After locating "The Elgato Facecam", return its line and all lines that follow through the end of the listing below, exactly; leave out pictures.

**Dataset extract**.

-------

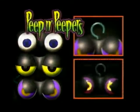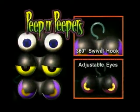Don't let Halloween creep up and leave you in the dark. Peepin' Peepers include three spooky pairs of adjustable eyes on a 12-foot UL-listed light string.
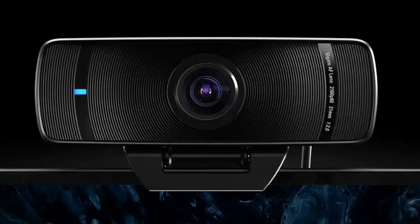The Elgato Facecam Pro features a studio-grade F2.0 21mm Elgato autofocus lens with manual adjustment within a 10cm to infinity focus range. It offers a 90-degree field-of-view angle and uses a 1/1.8-inch Sony StarVIS sensor, making it suitable for both wide shots and group calls.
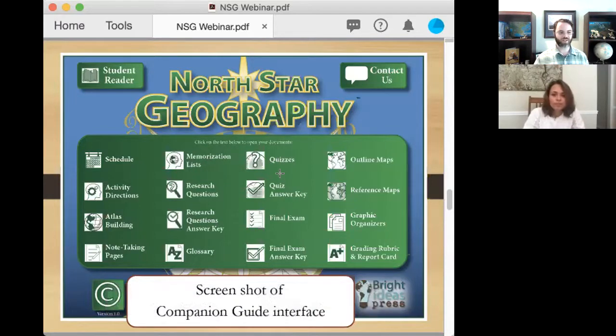There's an answer key for each quiz. We've also got research questions with an answer key, and these are especially geared for high schoolers. North Star Geography is a solid high school credit, and the research questions give students open-ended avenues for pursuing independent study. If you don't have time for a particular question, you can always just read the answers because they're interesting and informative — and it's a useful way to help your kids develop their independent learning mindset.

-------

**Answer**.
The Elgato Facecam Pro features a studio-grade F2.0 21mm Elgato autofocus lens with manual adjustment within a 10cm to infinity focus range. It offers a 90-degree field-of-view angle and uses a 1/1.8-inch Sony StarVIS sensor, making it suitable for both wide shots and group calls.
There's an answer key for each quiz. We've also got research questions with an answer key, and these are especially geared for high schoolers. North Star Geography is a solid high school credit, and the research questions give students open-ended avenues for pursuing independent study. If you don't have time for a particular question, you can always just read the answers because they're interesting and informative — and it's a useful way to help your kids develop their independent learning mindset.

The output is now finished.